Leave out the pictures, and retype only the lines from the beginning of the material through the line that contains "HAILO pesukorvide süsteem", including both.

────────────────────

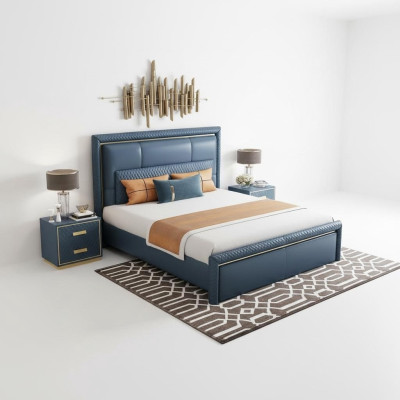 Bedroom set bed 2x nightstands 3-piece design modern luxury blue gold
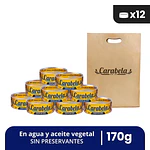 OFERTA DEL MES: Grated de atún en aceite vegetal Carabela - Pack x12 +1 ventresca de atún GRATIS
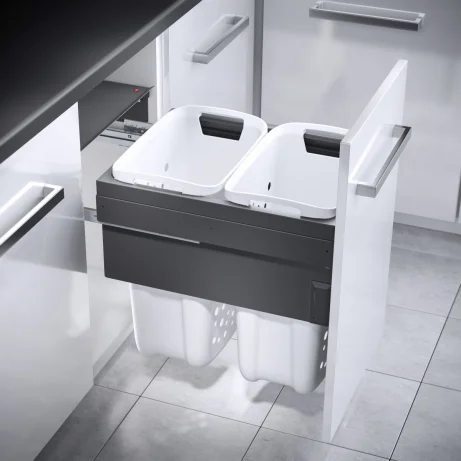 HAILO pesukorvide süsteem 450mm antratsiit ,2x33L ,490x320x620mm,raam+siinid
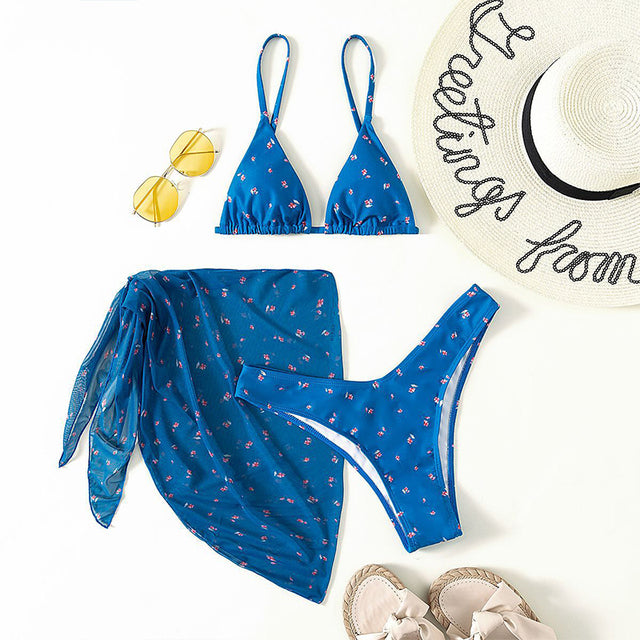 Floral Print Swimwear Mesh 3 Pieces Bikini Set Female Triangle Swimsuit Women String Swimming Suit Bathing Suit 2022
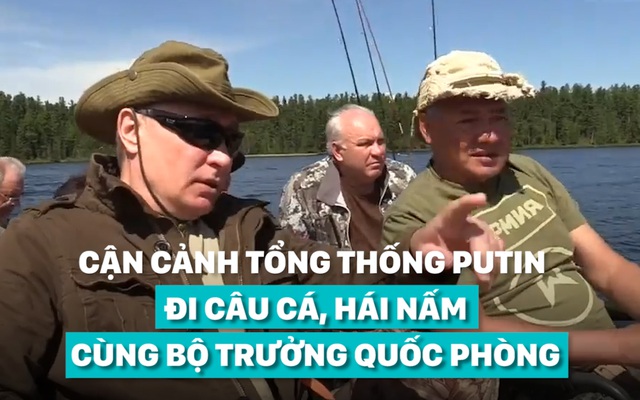 [Video] Cận cảnh Tổng thống Putin đi câu cá, hái nấm cùng Bộ trưởng Quốc phòng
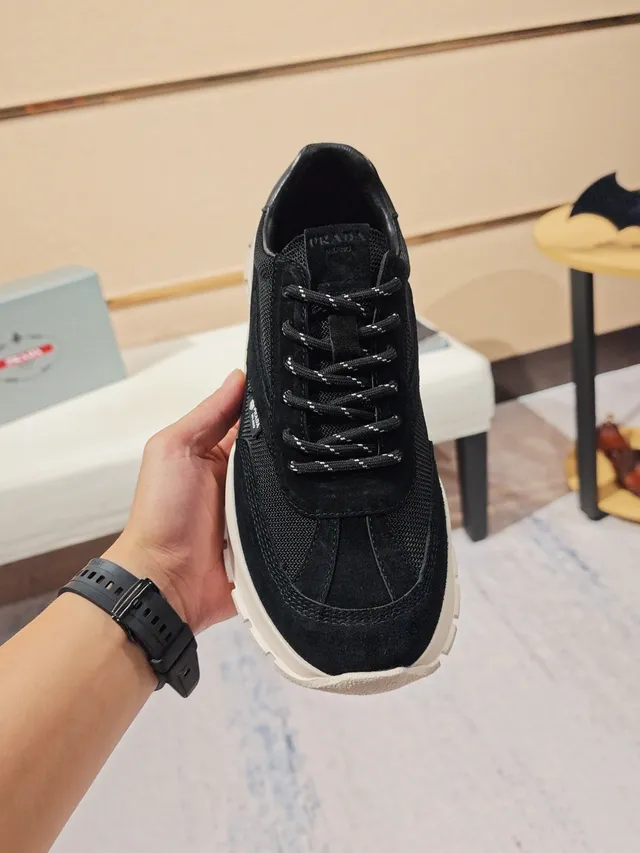 Prada Black White Chunky Sole Mesh-Suede Hybrid Upper Lifestyle Sneakers 5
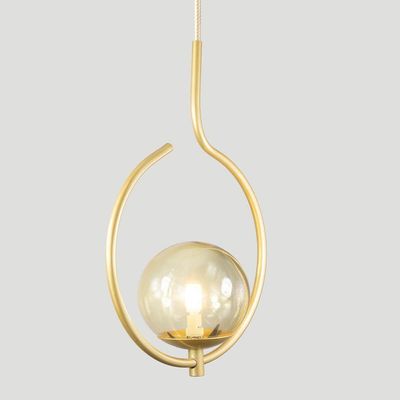 Kit 2 Pendentes On Loop Dourado Com Globo De Vidro Ambar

────────────────────

=== Result for this exercise ===
 Bedroom set bed 2x nightstands 3-piece design modern luxury blue gold
 OFERTA DEL MES: Grated de atún en aceite vegetal Carabela - Pack x12 +1 ventresca de atún GRATIS
 HAILO pesukorvide süsteem 450mm antratsiit ,2x33L ,490x320x620mm,raam+siinid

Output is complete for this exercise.